01-20-2016, 10:12 PM
Hat tip to WoTR for the pointer to David Ucko's article in the Journal of Strategic Studies, Authoritarian Counterinsurgency has appeared on SWC several times, although not in one specific thread and sometimes in the Historians arena.

The JSS article is behind a pay wall:http://www.tandfonline.com/doi/full/10.1080/01402390.2015.1094390

Their Abstract:
Rather than win hearts and minds, authoritarian counterinsurgency is said to rely heavily on coercion. It has a reputation for effectiveness, if also for its amorality. Still, the research into authoritarian counterinsurgency is surprisingly lacking. By distilling common features from key cases, this article concludes that this approach goes beyond the indiscriminate violence that typically captures the imagination. Like their democratic counterparts but differently, authoritarian regimes also engage in mobilisation, create narratives, and turn military advantage into political gain. The analysis explains how these tasks are undertaken and, by contradistinction, sheds light on more liberal approaches as well.

David has a short, open access article on WoTR:http://warontherocks.com/2016/01/regimes-and-revolt-authoritarian-ways-of-counterinsurgency/?

01-21-2016, 05:27 PM
Is there a good discussion (by these authors or someone else) that you would recommend, about Tsarist Russia's suppression of the 1905 revolution (or revolutions, as there was no unified movement or event)?
That might be a good example to look at, since not only is it well documented, it has been written about from many angles and Left wing revolutionaries in particular are familiar with it because of their fascination with the Russian revolution that followed. Its lessons (real or imagined) may thus play a role in the decisions of authoritarians as well as revolutionaries. Even Islamic revolutionaries get some of their intellectual material from left wing revolutionaries and their writings, and may have ideas whose origins go back to that particular episode..
Just a thought.

Bob's World
01-22-2016, 01:55 PM
A few thoughts on revolutionary insurgency and how to deal with it:

1. This type of internal (even if external parties come to play, as they typically do) is not really war, but is better thought of as "illegal democracy" - the least efficient or practical form of democracy to be sure, but oppressed/excluded populations denied effective legal means of addressing political grievances can't be choosers. That is equally true in terms of what UW practitioner they turn to for external support. Congratulations Mr. Government, you just got your 360 evaluation, and your subordinates gave you an "F" from at least one identity-based population under your governance.

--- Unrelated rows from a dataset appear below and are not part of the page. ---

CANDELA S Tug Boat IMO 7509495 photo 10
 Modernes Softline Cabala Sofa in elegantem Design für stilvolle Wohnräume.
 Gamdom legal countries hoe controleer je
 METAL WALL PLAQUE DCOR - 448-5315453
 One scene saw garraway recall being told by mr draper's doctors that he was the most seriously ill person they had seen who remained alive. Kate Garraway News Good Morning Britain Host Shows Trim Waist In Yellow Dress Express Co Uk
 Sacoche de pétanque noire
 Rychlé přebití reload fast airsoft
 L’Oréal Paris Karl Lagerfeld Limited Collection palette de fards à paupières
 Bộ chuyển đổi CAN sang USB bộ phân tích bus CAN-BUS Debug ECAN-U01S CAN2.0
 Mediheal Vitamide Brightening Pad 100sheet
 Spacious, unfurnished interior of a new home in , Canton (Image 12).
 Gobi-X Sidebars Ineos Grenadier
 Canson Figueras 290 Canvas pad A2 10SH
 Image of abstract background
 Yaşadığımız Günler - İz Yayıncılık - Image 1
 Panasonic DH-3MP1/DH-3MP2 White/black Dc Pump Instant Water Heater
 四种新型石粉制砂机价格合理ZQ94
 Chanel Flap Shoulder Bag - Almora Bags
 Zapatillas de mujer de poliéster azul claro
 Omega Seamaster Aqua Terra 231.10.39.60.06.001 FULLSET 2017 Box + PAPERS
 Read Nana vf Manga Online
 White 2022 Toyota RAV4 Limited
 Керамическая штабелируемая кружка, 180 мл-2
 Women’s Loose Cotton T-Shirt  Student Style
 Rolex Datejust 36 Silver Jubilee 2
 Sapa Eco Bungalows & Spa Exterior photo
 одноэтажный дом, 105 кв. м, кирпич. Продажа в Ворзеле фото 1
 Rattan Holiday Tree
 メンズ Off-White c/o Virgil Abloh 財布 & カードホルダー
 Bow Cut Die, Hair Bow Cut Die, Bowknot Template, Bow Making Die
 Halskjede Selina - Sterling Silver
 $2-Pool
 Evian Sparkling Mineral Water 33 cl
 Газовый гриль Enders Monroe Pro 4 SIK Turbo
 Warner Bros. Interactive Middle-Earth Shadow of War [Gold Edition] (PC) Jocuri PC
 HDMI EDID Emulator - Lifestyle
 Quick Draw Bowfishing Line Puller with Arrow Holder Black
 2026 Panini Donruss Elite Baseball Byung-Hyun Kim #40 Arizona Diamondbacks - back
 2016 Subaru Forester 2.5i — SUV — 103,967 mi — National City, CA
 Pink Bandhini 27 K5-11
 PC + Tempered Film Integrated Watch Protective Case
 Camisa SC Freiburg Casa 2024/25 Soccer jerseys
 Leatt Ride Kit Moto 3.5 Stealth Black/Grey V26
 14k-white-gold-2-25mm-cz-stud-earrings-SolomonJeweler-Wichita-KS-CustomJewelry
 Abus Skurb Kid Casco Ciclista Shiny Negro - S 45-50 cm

2. Any COIN campaign against a revolutionary insurgency that is not centered around twin pillars of understanding and resolving grievances/reconciliation, and disruption/mitigation of violence (both legal and illegal), is a variation on temporary suppression, not cure.

3. Insurgency is simple, but COIN, a domestic operation, is hard. But its harder when you're stupid. Most governments get stupid when faced with insurgency.

01-22-2016, 07:51 PM
David Ucko's full article in JSS is now available free via:http://www.tandfonline.com/doi/pdf/10.1080/01402390.2015.1094390

02-05-2016, 10:08 PM
After a polite exchange on Twitter between different viewpoints this counter-argument article has been id'd: Why Democracies Make Superior Counterterrorists by Max Abrahams, in 2007, in the journal Security Studies. It available free:https://www.academia.edu/1593648/_Why_Democracies_Make_Superior_Counterterrorists_S ecurity_Studies_Vol._16_No._2_Spring_2007_

04-20-2016, 03:31 PM
In my understanding of COIN theory as it exists today, there seems to be an underlying assumption that an insurgency can be 'neutralized' by aggressively targeting hearts and minds - i.e. that there's always an opportunity for diplomatic/political engagement. Is this perception accurate? With regards to the Russian Revolution mentioned above, and with 'authoritarian' insurgencies, it seems to me there comes a radicalization tipping point after which political overtures are futile.